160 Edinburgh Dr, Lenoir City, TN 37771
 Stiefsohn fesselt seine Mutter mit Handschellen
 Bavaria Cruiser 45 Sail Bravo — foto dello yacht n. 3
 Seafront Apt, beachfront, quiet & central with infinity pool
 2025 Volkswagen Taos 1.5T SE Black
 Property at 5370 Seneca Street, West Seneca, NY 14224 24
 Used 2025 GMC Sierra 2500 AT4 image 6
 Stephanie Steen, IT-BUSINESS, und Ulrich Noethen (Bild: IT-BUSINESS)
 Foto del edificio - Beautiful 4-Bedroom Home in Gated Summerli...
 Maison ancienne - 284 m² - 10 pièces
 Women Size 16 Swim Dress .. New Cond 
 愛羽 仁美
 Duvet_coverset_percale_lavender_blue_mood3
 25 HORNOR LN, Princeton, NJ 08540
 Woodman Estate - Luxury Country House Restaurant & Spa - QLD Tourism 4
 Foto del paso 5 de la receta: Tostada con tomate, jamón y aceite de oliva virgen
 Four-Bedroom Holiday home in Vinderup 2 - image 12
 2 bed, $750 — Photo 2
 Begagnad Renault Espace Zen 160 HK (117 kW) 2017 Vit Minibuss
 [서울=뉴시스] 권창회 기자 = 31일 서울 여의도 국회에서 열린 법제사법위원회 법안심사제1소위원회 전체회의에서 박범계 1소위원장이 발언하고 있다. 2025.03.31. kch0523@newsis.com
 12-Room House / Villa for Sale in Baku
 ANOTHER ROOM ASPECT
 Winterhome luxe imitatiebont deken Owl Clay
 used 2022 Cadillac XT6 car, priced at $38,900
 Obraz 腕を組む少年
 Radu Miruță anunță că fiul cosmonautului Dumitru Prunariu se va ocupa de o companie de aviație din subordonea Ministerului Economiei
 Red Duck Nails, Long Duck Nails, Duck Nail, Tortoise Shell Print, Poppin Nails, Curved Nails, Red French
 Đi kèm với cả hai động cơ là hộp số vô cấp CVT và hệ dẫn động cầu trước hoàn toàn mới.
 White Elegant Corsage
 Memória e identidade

★ ★ ★

What needs to be done => Both the line containing "ANOTHER ROOM ASPECT" and the line containing "White Elegant Corsage" belong in the answer. Print them and every line above that falls between them exactly, and no others.

Output of the task =>
 ANOTHER ROOM ASPECT
 Winterhome luxe imitatiebont deken Owl Clay
 used 2022 Cadillac XT6 car, priced at $38,900
 Obraz 腕を組む少年
 Radu Miruță anunță că fiul cosmonautului Dumitru Prunariu se va ocupa de o companie de aviație din subordonea Ministerului Economiei
 Red Duck Nails, Long Duck Nails, Duck Nail, Tortoise Shell Print, Poppin Nails, Curved Nails, Red French
 Đi kèm với cả hai động cơ là hộp số vô cấp CVT và hệ dẫn động cầu trước hoàn toàn mới.
 White Elegant Corsage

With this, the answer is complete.